A GATINHA ESQUISITA (Das Merkwurdige Katzchen, Alemanha, 2013. Dir:Ramon Zurcher Com:Leon Alan Bewiersdorf, Lea Draeger)
Obra prima inconteste – o diretor filmou, do começo ao fim, todo o
universo existencial, psicológico e filosófico das obras literárias de Clarice
Lispector, a escritora brasileira que fotografa com a palavra cada milímetro
das sensações que perpassam o cotidiano das relações entre as pessoas e o
mundo, os objetos familiares, os pequenos acontecimentos, seja ele olhar nos
olhos de um búfalo no zoológico, seja o esvoaçar de uma pena no ar, ou o
cruzamento fortuito de alguém no bonde com o olhar de um cego.

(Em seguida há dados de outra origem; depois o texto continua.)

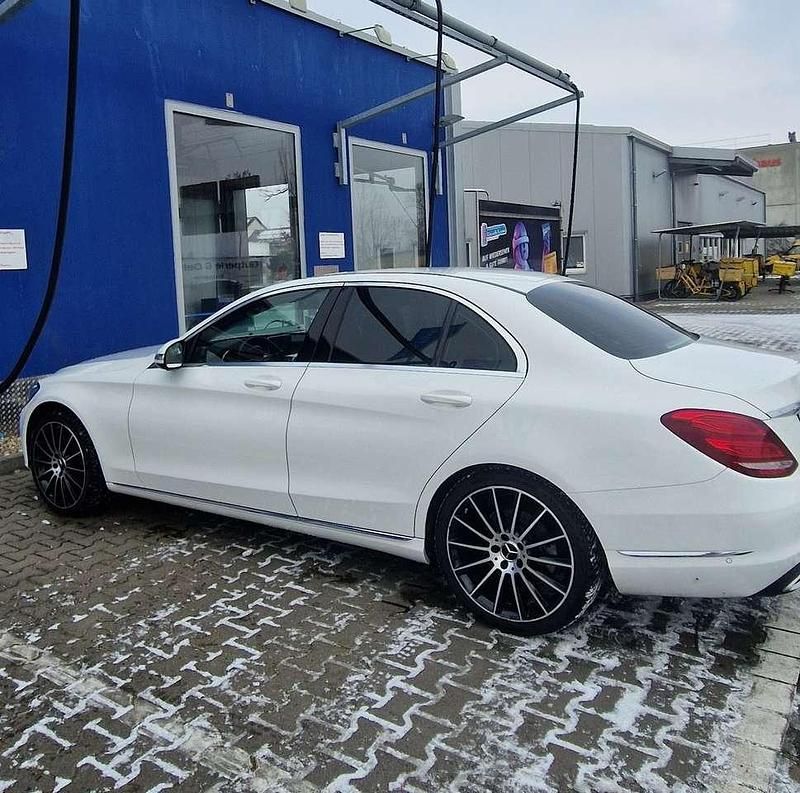 Gebraucht Mercedes C220 170 PS (125 kW) 2014 Weiß Limousine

Todos os contos
de Laços de família estão aqui; todo
o clima de A paixão segundo GH está
aqui, até mesmo cenas que se lêem em Clarice estão filmadas como se transpostas
para a tela – e isso independe de o diretor conhecer ou não a obra da autora
brasileira, porque é um modo de estar no mundo que os aproxima, flagrantes da
existência cotidiana que em ambos adquirem estatuto de obra de arte – sob a
palavra, uma; sob as imagens, outro.
Essa é a primeira vez que vejo
na tela uma obra literária em sua perfeita forma, ou seja, um filme feito de sopros, de sensações e
observações intensas sobre o mínimo, os
objetos comuns, as situações cujos significados residem nas impressões que
causam, expressas por pequenas, contínuas e intensas epifanias, como se o cotidiano fosse pleno de riquezas, de
sentidos que nos oprimem e nos excitam, como se a vida fosse esse diuturno
brilho do singular e do comum, do banal, de onde se extraem as pepitas, o que
comove, o que existe, o que pasma simplesmente por estar vivo, e pulsar e
existir para nossos olhos.
Há cenas antológicas, como a da mulher que faz a mãe e tem uma relação
difícil com o gato, e coloca o pé sobre o bichano, no vão da porta,
aproximando-o lentamente do animal, como se fora esmagá-lo – dura um átimo e
uma eternidade, porque ali estão resumidos todos os nossos desejos ancestrais
de um dia ter esmigalhado um gato, um besouro, uma mosca, um inseto, um tudo;
ou quando essa mesma mulher-mãe toma o leite onde há um pelo do gato, já quase
no final do filme e da refeição com os amigos – ele toma o leite, e essa cena
tem o mesmo sentido de comer a barata n’A
paixão – uma redenção, talvez, em meio à culpa de que não se sabe bem o
motivo, mas que está lá, sempre premente, e presente.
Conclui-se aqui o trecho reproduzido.